• _Brief_: The expected output is exactly the lines below, starting at the line with "Az alapértelmezett Touch" and ending at the line with "Oh Deer Rustic", both included; no other line belongs in it.

• _Information shown_:
§

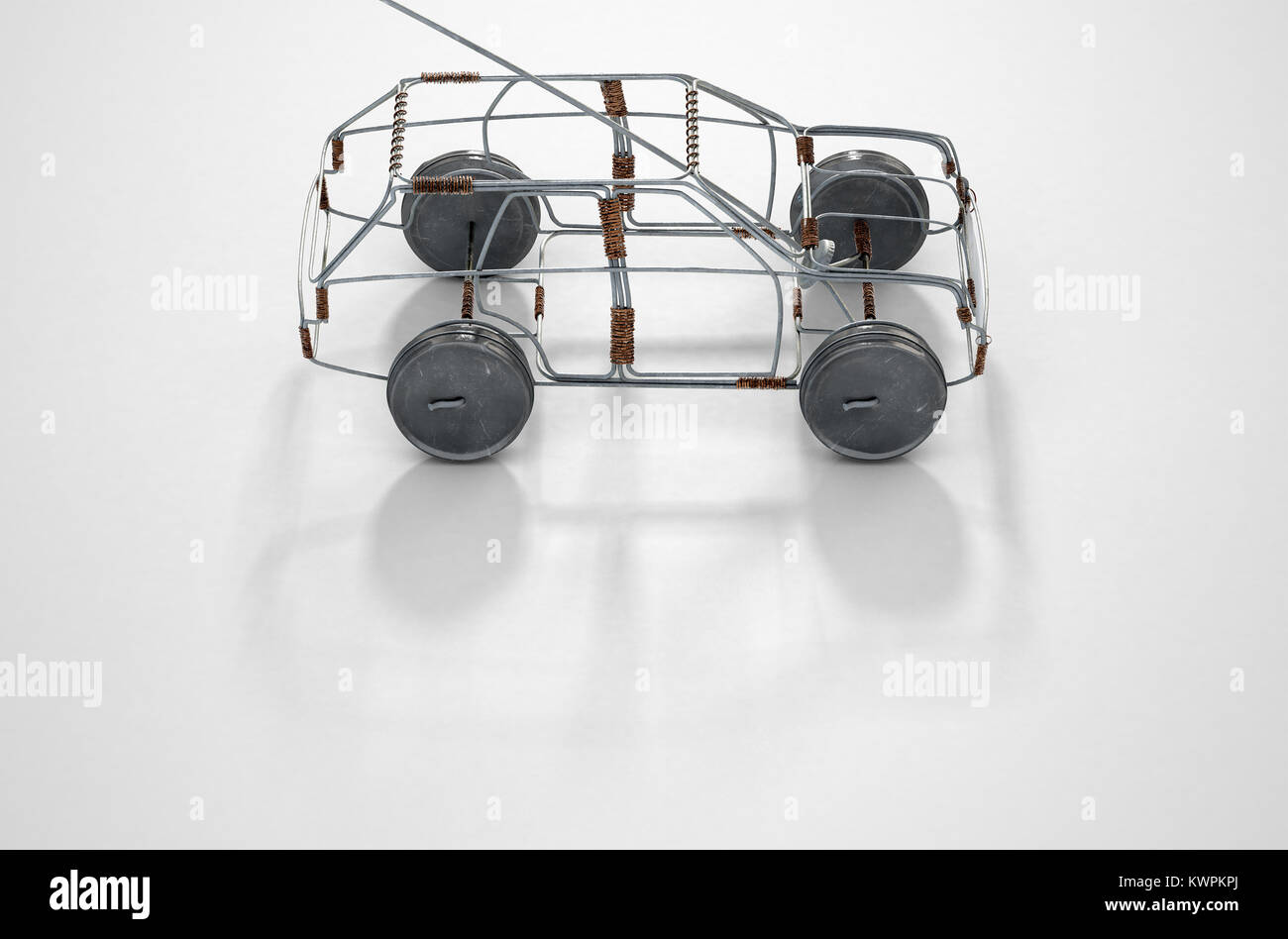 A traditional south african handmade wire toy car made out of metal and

§

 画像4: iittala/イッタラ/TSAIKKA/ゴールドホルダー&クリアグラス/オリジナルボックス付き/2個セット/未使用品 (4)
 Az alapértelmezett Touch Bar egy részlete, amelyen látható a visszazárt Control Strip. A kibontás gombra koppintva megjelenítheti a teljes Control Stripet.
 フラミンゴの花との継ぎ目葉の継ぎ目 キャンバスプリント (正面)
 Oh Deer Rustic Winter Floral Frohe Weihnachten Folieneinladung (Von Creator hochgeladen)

§

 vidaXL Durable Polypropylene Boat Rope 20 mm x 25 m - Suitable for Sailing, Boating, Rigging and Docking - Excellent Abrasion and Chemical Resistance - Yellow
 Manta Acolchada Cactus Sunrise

§

• _Solution_:
 Az alapértelmezett Touch Bar egy részlete, amelyen látható a visszazárt Control Strip. A kibontás gombra koppintva megjelenítheti a teljes Control Stripet.
 フラミンゴの花との継ぎ目葉の継ぎ目 キャンバスプリント (正面)
 Oh Deer Rustic Winter Floral Frohe Weihnachten Folieneinladung (Von Creator hochgeladen)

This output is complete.